▶ **DATA RECORDS**
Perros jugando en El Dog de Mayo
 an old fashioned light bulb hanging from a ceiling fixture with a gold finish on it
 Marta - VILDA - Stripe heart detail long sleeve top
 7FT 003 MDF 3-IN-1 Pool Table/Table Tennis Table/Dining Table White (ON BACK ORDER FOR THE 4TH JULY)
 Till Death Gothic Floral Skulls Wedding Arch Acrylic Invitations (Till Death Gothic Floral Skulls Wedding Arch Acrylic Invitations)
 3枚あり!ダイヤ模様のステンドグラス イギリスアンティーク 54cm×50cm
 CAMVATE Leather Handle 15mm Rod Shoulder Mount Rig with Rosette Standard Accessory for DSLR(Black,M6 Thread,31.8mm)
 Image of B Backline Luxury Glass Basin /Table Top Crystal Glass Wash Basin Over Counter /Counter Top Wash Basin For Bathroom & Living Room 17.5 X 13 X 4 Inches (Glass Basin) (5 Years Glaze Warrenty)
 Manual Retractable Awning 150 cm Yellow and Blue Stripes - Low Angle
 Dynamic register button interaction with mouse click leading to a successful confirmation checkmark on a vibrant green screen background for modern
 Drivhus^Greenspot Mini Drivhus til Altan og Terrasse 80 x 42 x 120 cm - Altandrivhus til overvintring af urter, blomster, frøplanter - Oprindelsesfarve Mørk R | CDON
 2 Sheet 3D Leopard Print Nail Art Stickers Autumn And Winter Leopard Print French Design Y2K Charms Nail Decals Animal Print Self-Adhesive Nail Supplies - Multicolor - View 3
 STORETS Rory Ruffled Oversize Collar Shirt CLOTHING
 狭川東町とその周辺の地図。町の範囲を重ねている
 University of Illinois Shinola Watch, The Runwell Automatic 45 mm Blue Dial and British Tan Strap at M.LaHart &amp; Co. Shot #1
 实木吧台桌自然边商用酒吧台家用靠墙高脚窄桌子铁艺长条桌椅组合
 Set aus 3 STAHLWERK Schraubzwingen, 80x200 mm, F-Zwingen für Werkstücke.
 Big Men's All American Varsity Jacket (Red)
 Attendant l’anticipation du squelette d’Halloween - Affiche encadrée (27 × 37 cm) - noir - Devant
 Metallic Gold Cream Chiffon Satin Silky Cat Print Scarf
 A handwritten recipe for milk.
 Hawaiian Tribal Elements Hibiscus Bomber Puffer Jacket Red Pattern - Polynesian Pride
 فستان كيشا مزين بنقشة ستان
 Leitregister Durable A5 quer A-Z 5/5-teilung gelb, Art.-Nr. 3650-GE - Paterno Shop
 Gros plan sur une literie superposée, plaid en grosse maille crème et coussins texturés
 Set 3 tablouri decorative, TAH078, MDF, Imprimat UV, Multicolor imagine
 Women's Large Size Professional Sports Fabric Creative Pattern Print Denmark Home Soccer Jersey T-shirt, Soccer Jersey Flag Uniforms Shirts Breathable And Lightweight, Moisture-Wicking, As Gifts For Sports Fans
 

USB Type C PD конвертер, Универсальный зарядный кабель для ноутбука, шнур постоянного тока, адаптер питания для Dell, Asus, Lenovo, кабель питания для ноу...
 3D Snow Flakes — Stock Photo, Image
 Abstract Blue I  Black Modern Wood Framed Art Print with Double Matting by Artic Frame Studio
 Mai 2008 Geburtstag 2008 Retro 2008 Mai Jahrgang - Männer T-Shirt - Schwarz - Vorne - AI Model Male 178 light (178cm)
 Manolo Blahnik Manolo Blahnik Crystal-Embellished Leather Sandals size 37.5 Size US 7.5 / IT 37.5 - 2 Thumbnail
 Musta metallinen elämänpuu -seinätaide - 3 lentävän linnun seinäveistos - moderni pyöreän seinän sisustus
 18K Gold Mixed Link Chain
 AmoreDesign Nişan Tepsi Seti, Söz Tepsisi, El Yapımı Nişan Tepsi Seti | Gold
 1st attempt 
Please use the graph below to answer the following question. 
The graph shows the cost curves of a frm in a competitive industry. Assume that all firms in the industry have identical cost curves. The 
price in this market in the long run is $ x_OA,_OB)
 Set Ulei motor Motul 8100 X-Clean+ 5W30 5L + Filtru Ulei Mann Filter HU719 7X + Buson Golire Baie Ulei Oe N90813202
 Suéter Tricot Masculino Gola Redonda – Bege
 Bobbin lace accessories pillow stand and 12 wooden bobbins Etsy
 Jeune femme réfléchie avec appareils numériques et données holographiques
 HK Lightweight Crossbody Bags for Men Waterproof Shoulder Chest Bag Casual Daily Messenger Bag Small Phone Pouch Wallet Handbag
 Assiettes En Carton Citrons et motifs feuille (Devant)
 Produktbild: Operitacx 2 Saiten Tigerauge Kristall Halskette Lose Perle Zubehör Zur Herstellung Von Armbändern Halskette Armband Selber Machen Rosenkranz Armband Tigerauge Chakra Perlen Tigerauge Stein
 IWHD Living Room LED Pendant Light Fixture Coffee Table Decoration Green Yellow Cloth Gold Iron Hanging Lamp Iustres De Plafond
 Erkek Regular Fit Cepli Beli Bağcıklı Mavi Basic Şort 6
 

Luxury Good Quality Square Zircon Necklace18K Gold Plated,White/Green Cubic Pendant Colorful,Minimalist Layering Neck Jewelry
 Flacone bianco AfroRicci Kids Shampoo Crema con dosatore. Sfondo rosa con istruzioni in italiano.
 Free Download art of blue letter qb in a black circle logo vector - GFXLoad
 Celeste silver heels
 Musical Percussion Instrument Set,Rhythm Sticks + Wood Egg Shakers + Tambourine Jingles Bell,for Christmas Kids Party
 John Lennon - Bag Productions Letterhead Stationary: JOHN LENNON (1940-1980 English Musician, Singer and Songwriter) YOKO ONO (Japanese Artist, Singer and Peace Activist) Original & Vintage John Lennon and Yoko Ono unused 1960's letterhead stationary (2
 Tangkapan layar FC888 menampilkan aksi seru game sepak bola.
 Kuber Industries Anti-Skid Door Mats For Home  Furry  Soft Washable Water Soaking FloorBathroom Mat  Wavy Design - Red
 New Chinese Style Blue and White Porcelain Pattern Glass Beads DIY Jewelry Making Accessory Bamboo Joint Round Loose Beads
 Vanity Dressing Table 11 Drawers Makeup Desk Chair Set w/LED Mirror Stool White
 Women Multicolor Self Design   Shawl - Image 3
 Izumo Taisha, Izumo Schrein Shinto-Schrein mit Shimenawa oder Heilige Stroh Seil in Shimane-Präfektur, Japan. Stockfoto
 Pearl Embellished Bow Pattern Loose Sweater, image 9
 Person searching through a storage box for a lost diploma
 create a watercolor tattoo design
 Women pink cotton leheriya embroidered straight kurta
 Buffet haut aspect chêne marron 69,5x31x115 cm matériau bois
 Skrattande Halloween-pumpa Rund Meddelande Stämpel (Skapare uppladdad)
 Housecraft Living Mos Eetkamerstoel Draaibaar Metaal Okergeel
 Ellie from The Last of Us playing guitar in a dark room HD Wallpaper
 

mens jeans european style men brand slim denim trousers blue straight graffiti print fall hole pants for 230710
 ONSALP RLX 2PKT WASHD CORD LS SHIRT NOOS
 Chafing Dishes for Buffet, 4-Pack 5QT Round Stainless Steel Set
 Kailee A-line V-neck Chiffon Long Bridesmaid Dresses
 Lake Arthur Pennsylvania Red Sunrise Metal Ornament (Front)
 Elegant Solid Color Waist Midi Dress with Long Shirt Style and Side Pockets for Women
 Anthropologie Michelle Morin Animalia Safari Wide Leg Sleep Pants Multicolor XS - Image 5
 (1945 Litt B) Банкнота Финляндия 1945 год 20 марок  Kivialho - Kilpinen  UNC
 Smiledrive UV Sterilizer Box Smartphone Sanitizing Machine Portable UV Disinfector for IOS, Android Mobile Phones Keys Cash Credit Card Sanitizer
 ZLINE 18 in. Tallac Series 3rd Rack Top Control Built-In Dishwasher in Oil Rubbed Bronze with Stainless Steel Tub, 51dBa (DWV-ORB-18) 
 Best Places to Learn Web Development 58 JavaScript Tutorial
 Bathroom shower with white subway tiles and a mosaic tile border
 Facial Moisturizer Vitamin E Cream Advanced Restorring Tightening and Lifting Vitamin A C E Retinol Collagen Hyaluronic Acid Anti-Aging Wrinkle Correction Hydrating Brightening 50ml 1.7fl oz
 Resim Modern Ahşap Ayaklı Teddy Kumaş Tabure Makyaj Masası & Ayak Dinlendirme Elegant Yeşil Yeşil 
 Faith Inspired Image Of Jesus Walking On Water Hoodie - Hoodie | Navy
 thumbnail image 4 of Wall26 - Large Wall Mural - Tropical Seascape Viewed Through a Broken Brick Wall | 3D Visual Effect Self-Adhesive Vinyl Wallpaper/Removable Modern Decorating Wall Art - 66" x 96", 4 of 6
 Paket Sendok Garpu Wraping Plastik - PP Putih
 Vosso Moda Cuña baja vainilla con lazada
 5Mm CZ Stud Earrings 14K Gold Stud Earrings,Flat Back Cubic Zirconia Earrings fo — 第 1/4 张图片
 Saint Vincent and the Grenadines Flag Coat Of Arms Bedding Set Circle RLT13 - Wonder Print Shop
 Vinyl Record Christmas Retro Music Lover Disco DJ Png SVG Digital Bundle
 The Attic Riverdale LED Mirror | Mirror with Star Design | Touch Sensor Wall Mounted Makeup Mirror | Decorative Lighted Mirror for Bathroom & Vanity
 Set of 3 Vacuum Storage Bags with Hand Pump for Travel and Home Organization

▶ **DESCRIPTION OF THE TASK**
Of the entries listed above, reproduce only the lines starting at the line containing "Luxury Good Quality" and ending at the line containing "Musical Percussion Instrument". Include both, exactly as they stand.

▶ **TASK RESPONSE**
Luxury Good Quality Square Zircon Necklace18K Gold Plated,White/Green Cubic Pendant Colorful,Minimalist Layering Neck Jewelry
 Flacone bianco AfroRicci Kids Shampoo Crema con dosatore. Sfondo rosa con istruzioni in italiano.
 Free Download art of blue letter qb in a black circle logo vector - GFXLoad
 Celeste silver heels
 Musical Percussion Instrument Set,Rhythm Sticks + Wood Egg Shakers + Tambourine Jingles Bell,for Christmas Kids Party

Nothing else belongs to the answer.